#### Work to be completed
Leave out every picture and set down, exactly, the lines below from the one holding "gemstone Necklace - Purple" up to and including the one holding "Website design software".

#### Data shown
==============================

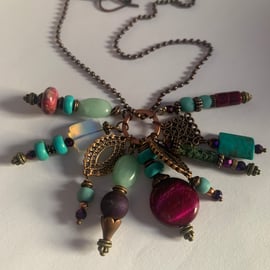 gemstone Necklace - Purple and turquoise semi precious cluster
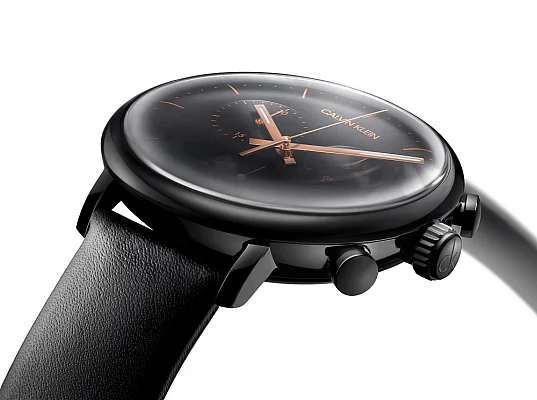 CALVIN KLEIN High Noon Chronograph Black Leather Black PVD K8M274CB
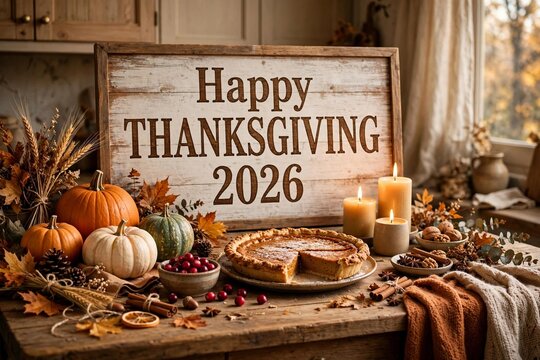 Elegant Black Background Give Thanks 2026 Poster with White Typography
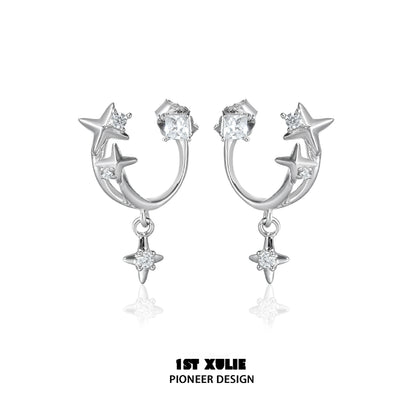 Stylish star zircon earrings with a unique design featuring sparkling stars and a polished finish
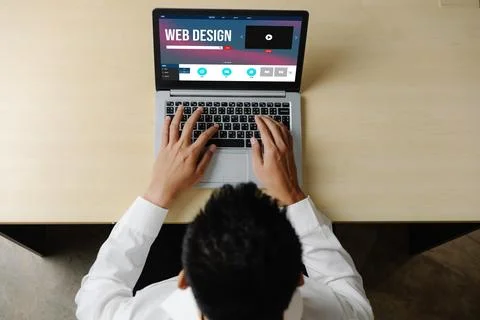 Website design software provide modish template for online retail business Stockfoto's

==============================

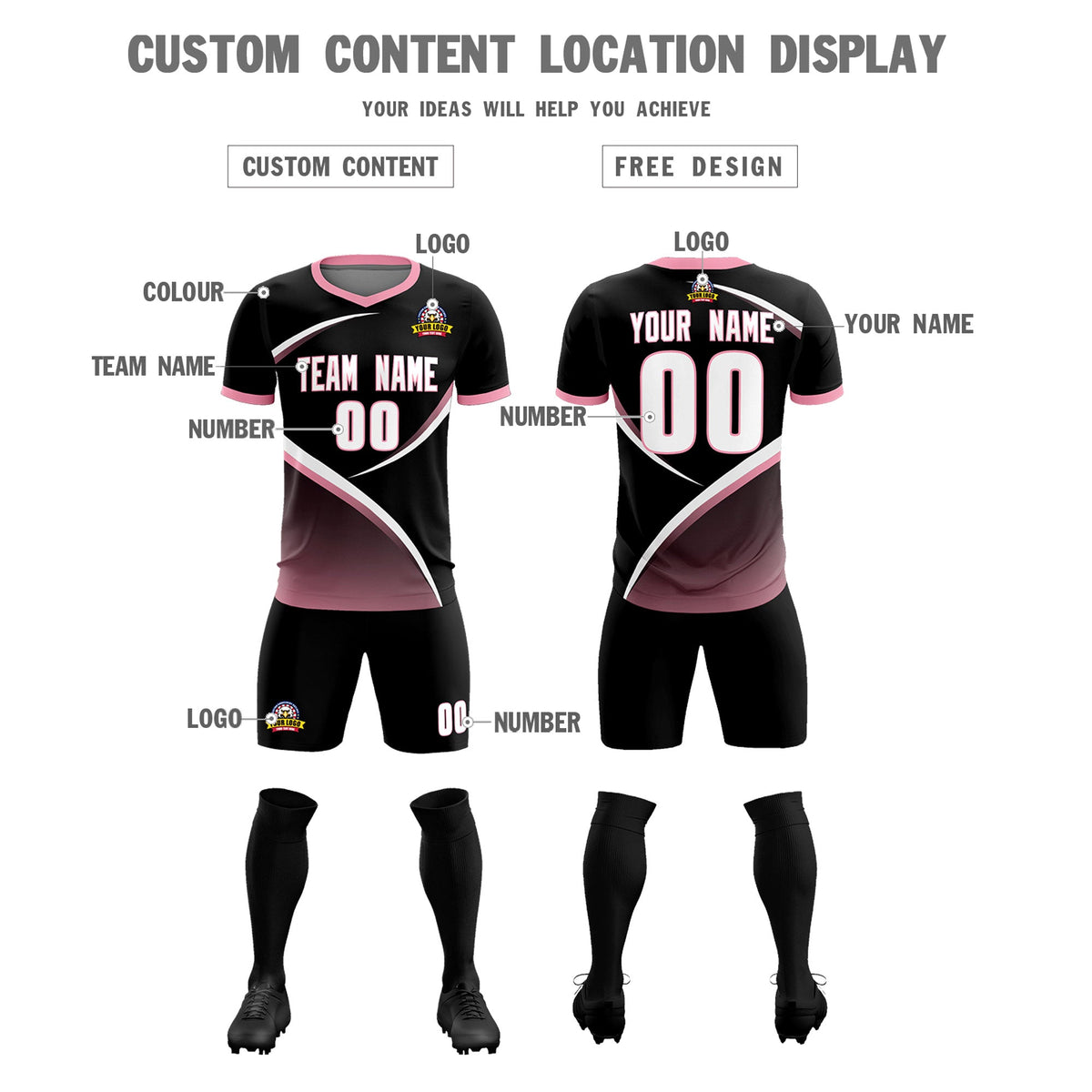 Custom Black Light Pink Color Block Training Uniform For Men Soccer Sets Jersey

==============================

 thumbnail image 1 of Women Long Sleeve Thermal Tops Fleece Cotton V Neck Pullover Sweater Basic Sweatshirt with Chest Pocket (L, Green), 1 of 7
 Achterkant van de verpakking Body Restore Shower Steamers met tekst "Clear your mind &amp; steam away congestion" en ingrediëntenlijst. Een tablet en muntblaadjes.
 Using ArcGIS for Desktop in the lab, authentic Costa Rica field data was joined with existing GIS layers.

==============================

#### Result
 gemstone Necklace - Purple and turquoise semi precious cluster
 CALVIN KLEIN High Noon Chronograph Black Leather Black PVD K8M274CB
 Elegant Black Background Give Thanks 2026 Poster with White Typography
 Stylish star zircon earrings with a unique design featuring sparkling stars and a polished finish
 Website design software provide modish template for online retail business Stockfoto's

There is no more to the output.